Unilever Case Study • Weight management experimental papers • Template-level representation of key features of the study • Clinical study subjects • Study population • Clinical study design • Nutritional metabolic phenomenon • Work function (effect) • Health benefit
Phrasal Analysis • Same techniques as for news NE analysis • Targeting descriptive phrases rather than complex proper names. • Domain terms important • Sentence-based fact extraction won’t work, because information distributed throughout text.
Template slot filling • Each slot has many candidate fillers • Often benignly paraphrases of each other, but can emphasize different attributes • Selection is heuristic, based on proximity to trigger word and similarity of terms. • For Unilever’s purposes, acceptable to get filler wrong sometimes if the candidates can be easily substituted in the template editor. • Not yet handled properly-multiple slot fillers
Conceptual Abstracting • Joint work with Chris Paice at Lancaster University. • Paice and Jones (1993) pioneered template-based abstracting of ‘crop science’ papers. • Similar analysis to Unilever case study, leading to a template, and then a generated short informative abstract. • Major drawback is the domain-specific resource development needed.
Ameliorating the resource bottleneck • One approach (Paice and Oakes) to develop rules by supervised machine learning • Transfers effort from rule-based analysis to corpus annotation. • Current approach (Paice and Black) to develop domain-independent extraction of causal and other key relationships expressed in scientific papers • Incorporates term discovery, ontology lookup, stemming, tagging. Implemented in Cafetiere framework.

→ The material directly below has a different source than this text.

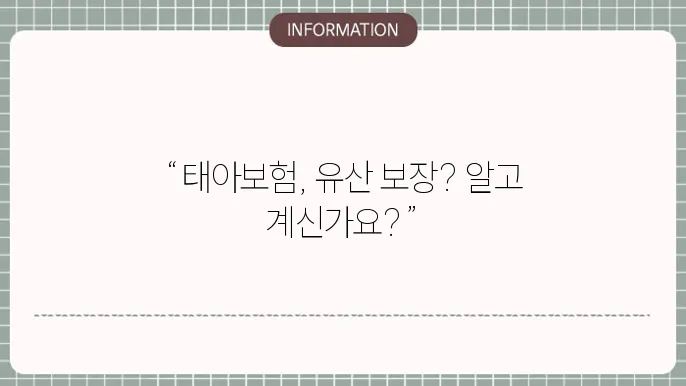 태아보험 유산 - 보장 범위 및 보상 기준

NLP Components as Services • Stratified processing modules well-defined • Common Annotation Scheme facilitates interoperability • Each module potentially a Web service • Queuing between modules should minimize network traffic • User defines pipeline; Processing takes place on servers; Users share cached common module analyses; Users access curated data.
Conclusion • Cafetiere is a framework for the information extraction phases of text mining. • Incorporates context-sensitive partial parsing of names, terms, chunks. • Linkage to event ontology enables template slot filling and hence fact/event extraction. • Domain-specific resources (ontology, rules) can be developed for diverse domains: business, science.
Future Developments • Use corpus-trained components for phrasal analysis of bio-medical literature. • Improve rule-application engine performance. • Cluster processing to balance IE processing against more superficial processes.